🤖 AI Summary
Existing inverse rendering methods rely on rasterization pipelines and simplified lighting models that neglect indirect illumination, leading to inconsistencies in material and lighting estimation under path tracing and resulting in visual artifacts. This work proposes the first splatting-free inverse rendering framework based on path tracing, which jointly optimizes forward light transport and backward gradient propagation within a unified ray tracing pipeline, enabling accurate reconstruction of materials and environment lighting under multi-bounce global illumination. By formulating a path-space equivalent interaction model within a 3D Gaussian field, the method achieves unbiased path tracing and path-space gradient replay, eliminating dependence on screen-space buffers. The approach significantly improves material inversion accuracy and produces more realistic shadows, reflections, and relighting effects.
📝 Abstract
Ray tracing enables 3D Gaussian fields to serve as a representation for physically based light transport. Faithful inverse rendering requires forward rendering and backward optimization to be defined within a consistent light-transport pipeline.
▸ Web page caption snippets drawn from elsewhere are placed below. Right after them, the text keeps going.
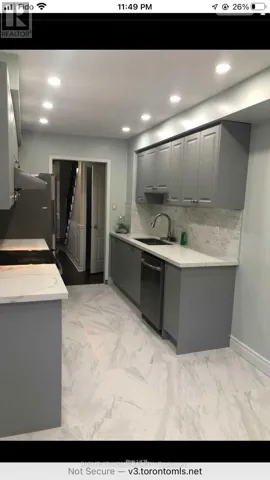 73 - 6050 BIDWELL TRAIL, Mississauga (East Credit), Ontario L5V1V6
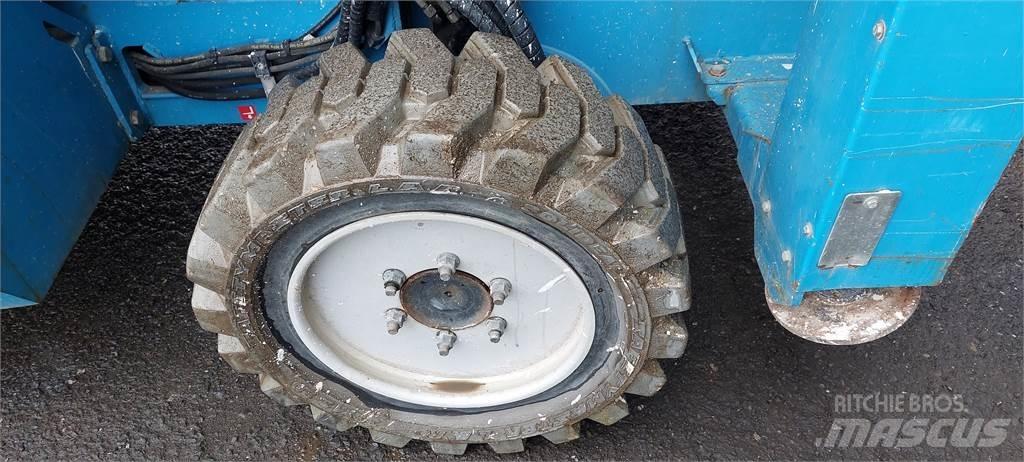  CX15, 4x4 Škarjaste dvižne ploščadi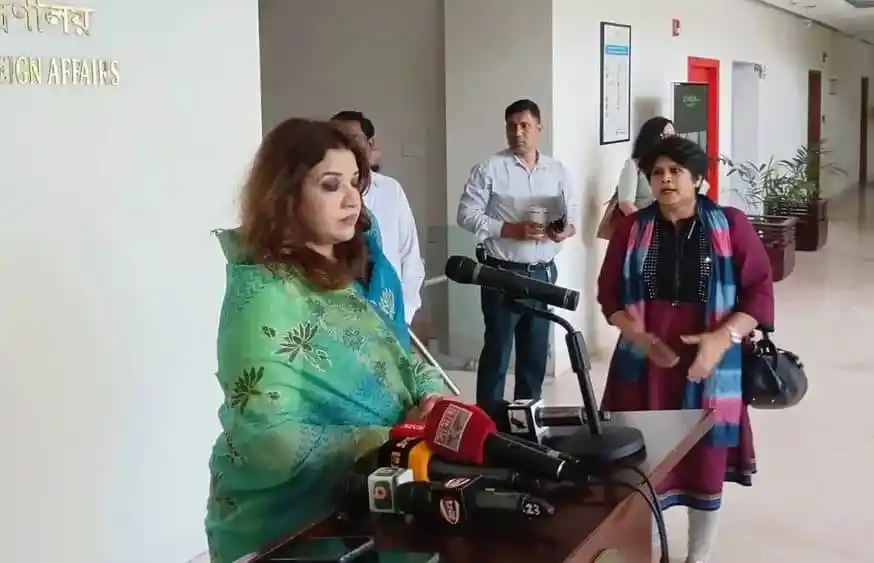 চ্যানেল আই অনলাইন প্রতিনিধিরা সংবাদ সম্মেলনে অংশগ্রহণ করছেন. Channel i News - চ্যানেল আই নিউজ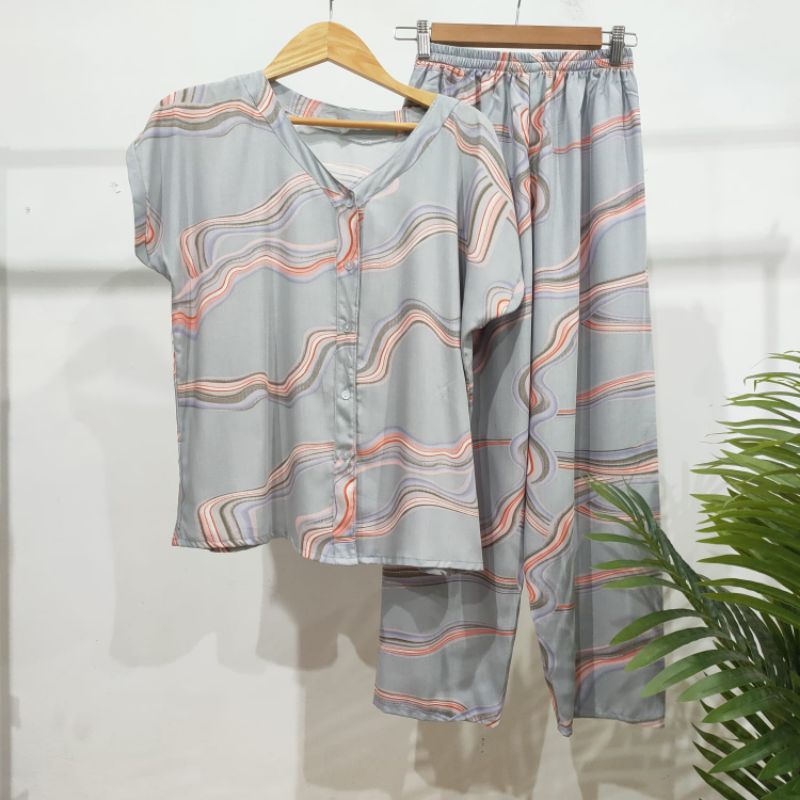 PIYAMA KANCING HITS PIYAMA KANCING BUSUI | PIYAMA RAYON | HOMEWEAR-NK 46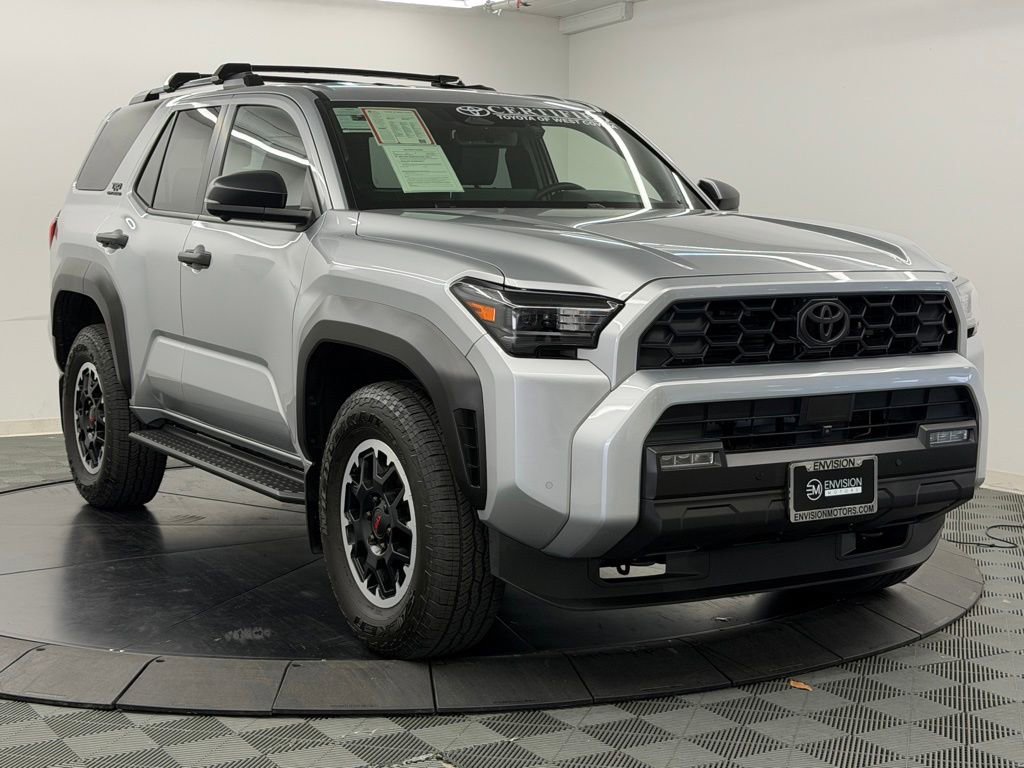 Used 2025 Toyota 4Runner TRD Off-Road Premium AWD/4WD image 8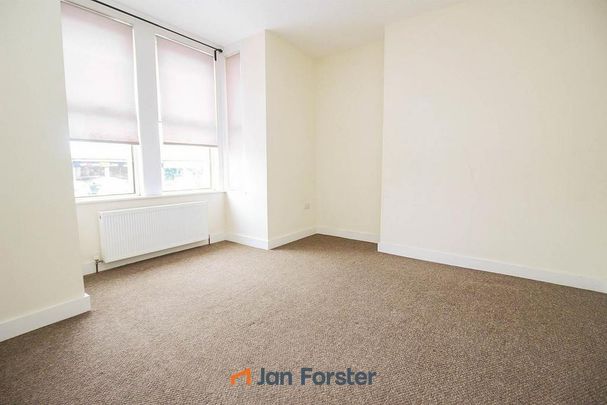 2 bedroom ground floor flat to rent - Photo 1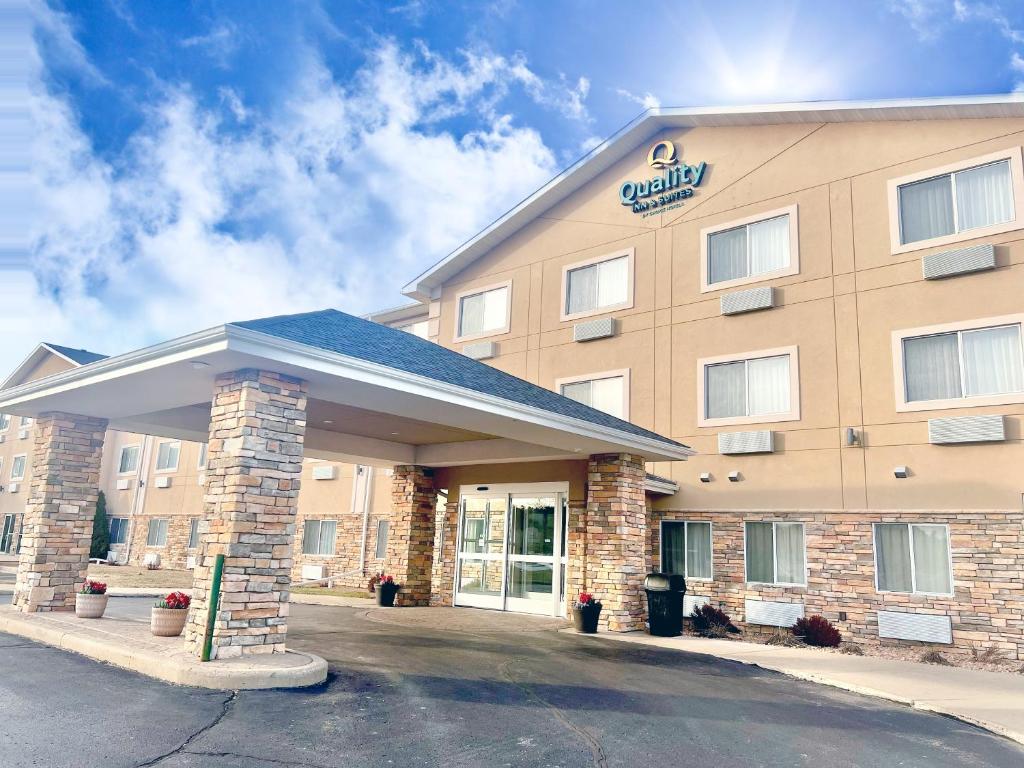 uma representação de um hotel de estalagem de férias em Quality Inn & Suites Wisconsin Dells Downtown - Waterparks Area em Wisconsin Dells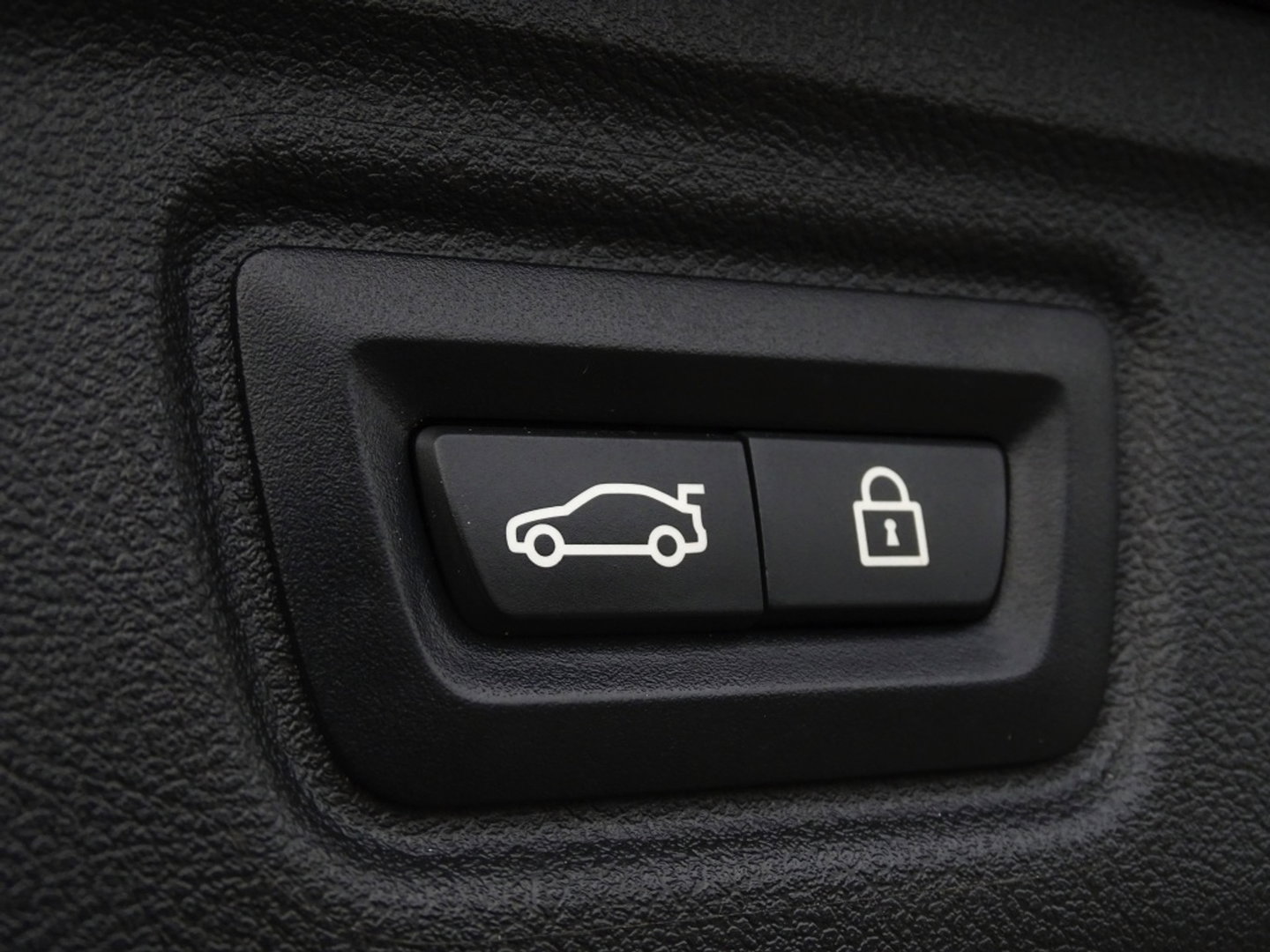 BMW 3 Serie Touring 330e 292PK High Exc. / M-Sport Individual / laser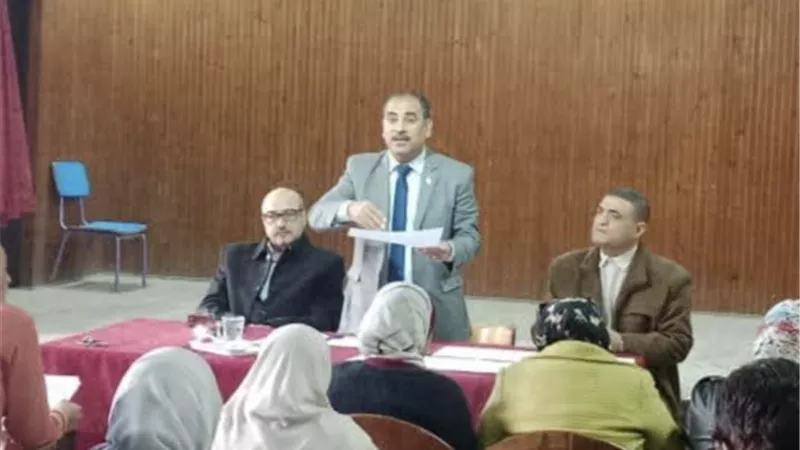 مدير تعليم الخانكة يلتقي مديري المدارس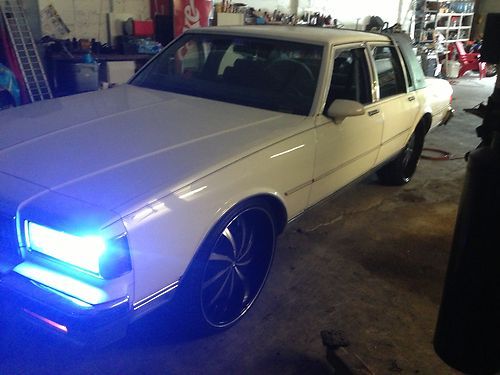 1990 chevrolet caprice classic ls brougham sedan 4-door 5.0l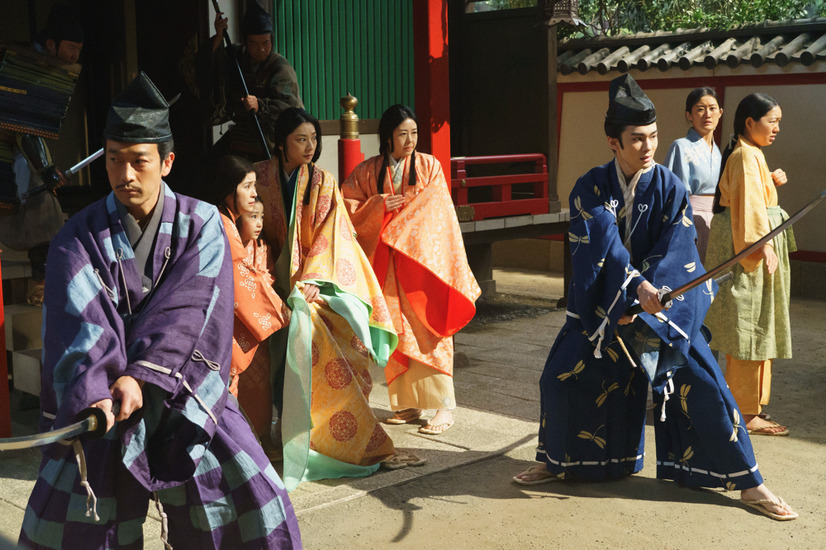 鶴岡八幡宮にて。謀反を起こした御家人たちから政子（小池栄子）や頼朝の息子・万寿、大姫らを守ろうとする源範頼（迫田孝也）、源義高（市川染五郎）（C）NHK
Existing inverse rendering methods estimate G-buffers via splatting and optimize materials in screen space, tying the recovered properties to a rasterization-based pipeline. This pipeline mismatch, together with simplified rendering equations that neglect indirect illumination, often leads to inconsistent shading, visible artifacts, and inaccurate material-lighting estimation under path-traced rendering. Therefore, we propose a splatting-free path-traced inverse rendering framework for 3D Gaussian fields, where forward light transport and backward gradient propagation are defined within a unified ray-tracing pipeline. Our key idea is to define a path-space equivalent interaction model for overlapping Gaussian primitives, under which Monte-Carlo-based path tracing is unbiased for the induced light-transport integral, while pathwise gradients are replayed over the same ray-traced interactions rather than splatting-derived screen-space buffers. The framework optimizes materials and a compact Spherical-Gaussian environment under the full rendering equation with ray-traced visibility and multi-bounce light transport. Extensive experiments demonstrate competitive material inversion and improved path-traced rendering quality, producing more plausible shadows, reflections, and relighting results under global illumination.